Table 4 The total score ranking of participating physicians and CLS comparison evaluation.

Discussion

Open and transparent standard comparative diagnostic ability in AI diagnosis is essential for generating clinicians’ trust. In this comparative study, we use nine performance indices for a comprehensive evaluation, and the diagnostic ability score of the CLS exceeded 17 of the 21 participating physicians in the first stage and 20 in the sixth stage. Because the evaluation criteria are the same, the evaluation process is open and transparent, with continuous improvement in the diagnosis level of physicians; physicians can also test and verify their diagnostic ability at any time. We found no relationship between the scores of clinicians’ diagnostic abilities and their working years (Supplementary Table 4b), where the correlation coefficient between working years and the total score was −0.33 (Supplementary Fig. 3a), and the correlation coefficients between working years and nine indices were all below 0; unlike the findings of Yang et al.32. Younger physicians obtained higher diagnostic scores, which may be related to our evaluation index, including the pathological diagnosis of the mass. The study data included 41% benign mass breast adenosis, 40% breast fibroadenoma, and 82% malignant mass breast infiltrating ductal carcinoma. These three types offer primary, intermediate, and senior clinicians more opportunities to learn, and tracking pathological results is essential to obtaining practical experience in diagnostics. This work was mainly completed by primary physicians, who may have had the opportunity to gain enhanced diagnostic experience and similarly. AI may have more advantages in the pathological diagnoses of tumors owing to its ability to learn continuously. The CLS is constantly learning and improving, and if its ability surpasses that of physicians, it could increase physicians’ confidence in AI.

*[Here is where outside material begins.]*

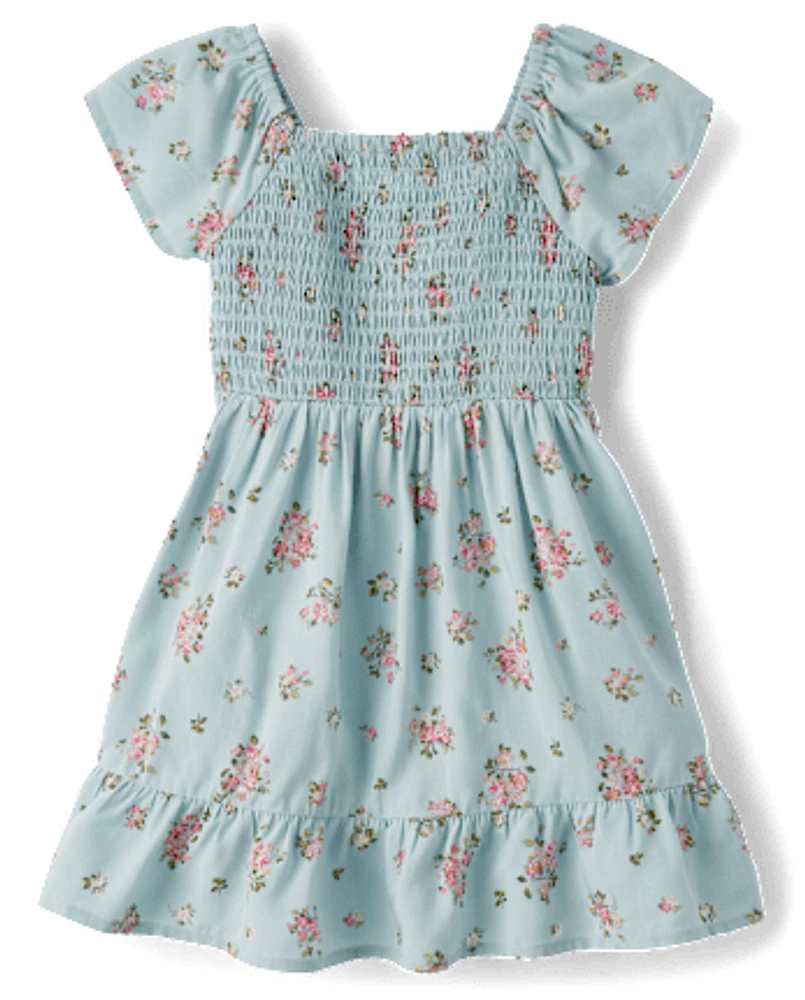 Toddler Girls Floral Smocked Ruffle Dress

We found that different algorithms had different diagnostic capabilities with the same data and training methods. Among the 13 candidate algorithms, inceptionresnetv2 had the highest AUC value when tested with the same data, while mobilenetV2 had the lowest. He et al.33 have also used the inceptionresnetv2 algorithm to achieve good diagnostic results in the auxiliary diagnosis of breast cancer, and the algorithm is considered superior to the ResNeXt-101 and SENet-101 algorithms. We plan to compare the diagnostic performances of the five algorithms under different amounts of data and test new algorithms in the future. If a better algorithm is identified, it could be used for CLS diagnoses.

Image processing may improve the diagnostic ability of AI under experimental conditions; however, the process is variable and leads to differential results. The findings of this study suggested that diagnoses were better without cropping images, similar to those obtained by Golse34 using whole images. Processing images by CAD tools35 did not improve the diagnostic performance of radiologists. The experimental results of the three data sets in the present study were similar, indicating that the CLS exerts stable diagnostic performance without image processing. In theory, the peripheral part of the image will not affect the diagnosis, as AI cannot extract the characteristics of the mass from the periphery. It may be possible to change the characteristics of the mass in the image if it is cut or otherwise processed.With different processing methods, the characteristic changes may be different if AI learns using processed images. Therefore, images provided for AI diagnoses must be processed the same way.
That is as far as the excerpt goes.